Toplum içerisinde sıklıkla rastladığımız 'Engelli park aracı' yerine bilinçsizce otomobillerin park edilmesi, görme engelli bireylerin güvenli bir şekilde yürüyebilmeleri için tasarlanan kabartmalı sarı çizgi önüne ağır yüklü bir cisim ya da saksı koyulması gibi yapılan hatalı davranışlar, özel gereksinimli bireylerin işini iki kat daha fazla zorlaştırıyor. Peki, Peygamber Efendimiz (SAV)'in özel gereksinimli bireylerle ilişkisi nasıldı? İşte yanıtı..
Hz. Aişe (r.a)' nın ''O'nun ahlakı Kuran-ı Kerim idi'' dediği, davranışları ve sözleri ile her zaman bize örnek olan Peygamber Efendimiz (SAV), sağlıklı insanların özel gereksinimli bireylere karşı nasıl davranmaları gerektiği yönünde tavsiyelerde bulunmuştur.

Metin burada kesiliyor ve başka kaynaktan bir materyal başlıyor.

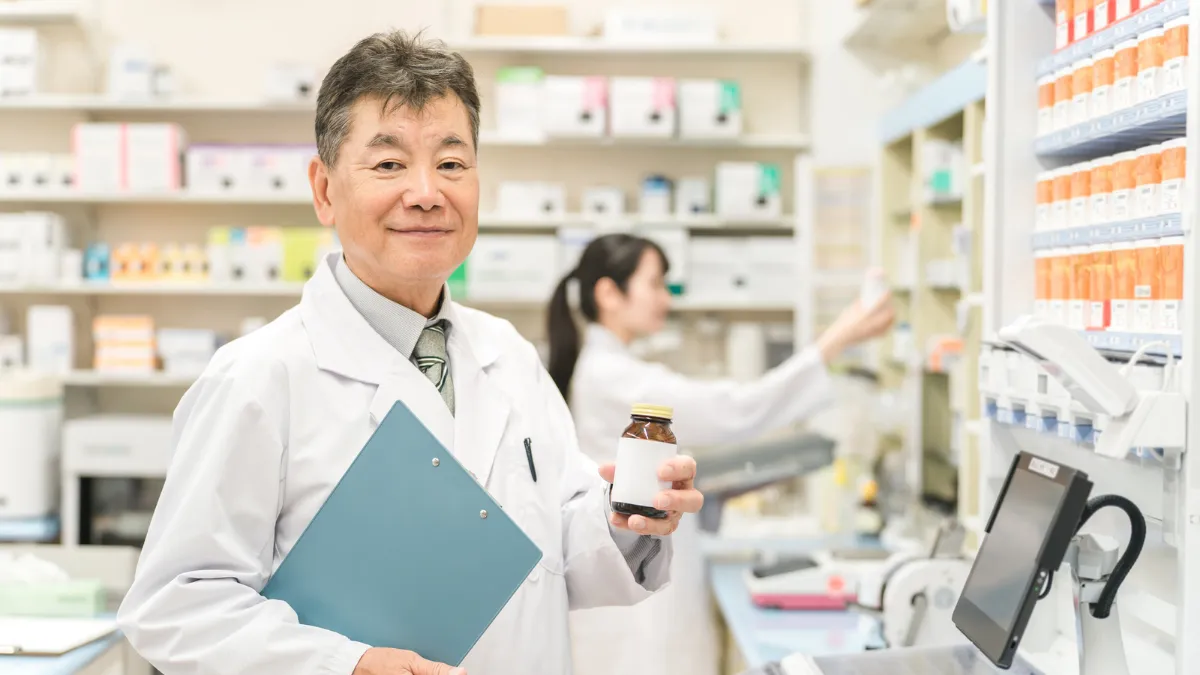 調剤室で相談に応じるベテランの管理薬剤師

Bilhassa gözleri görmeyen bireylere daha çok hassasiyet gösterilmesi gerektiğini söyleyen Peygamber Efendimiz (SAV),
“Âmâ'ya veya yol sorana yol göstermen, sadakadır. Güçsüz birine yardım etmen, sadakadır. Konuşmakta güçlük çekenin meramını ifade edivermen sadakadır.” (İbn Hanbel, V, 152, 169.) buyurmaktadır.
Sadaka vermeye durumu elverişli olmayan bir kişi, “Herhangi bir mal varlığımız yoksa sadakayı nasıl verelim?” diye sorunca Efendimiz (SAV)'in “Sadakanın kapılarını, âmâlara yardım etmek, sağır ve dilsizleri anlayana kadar dinlenmek, bir insana ihtiyaç duyduğu nesnenin yerini göstermek, yardım isteyen birine gücümüz yettiği kadar yardım etmek ve güçsüzlere kol kanat germekle açabiliriz.” yanıtını verdiği bilinmektedir.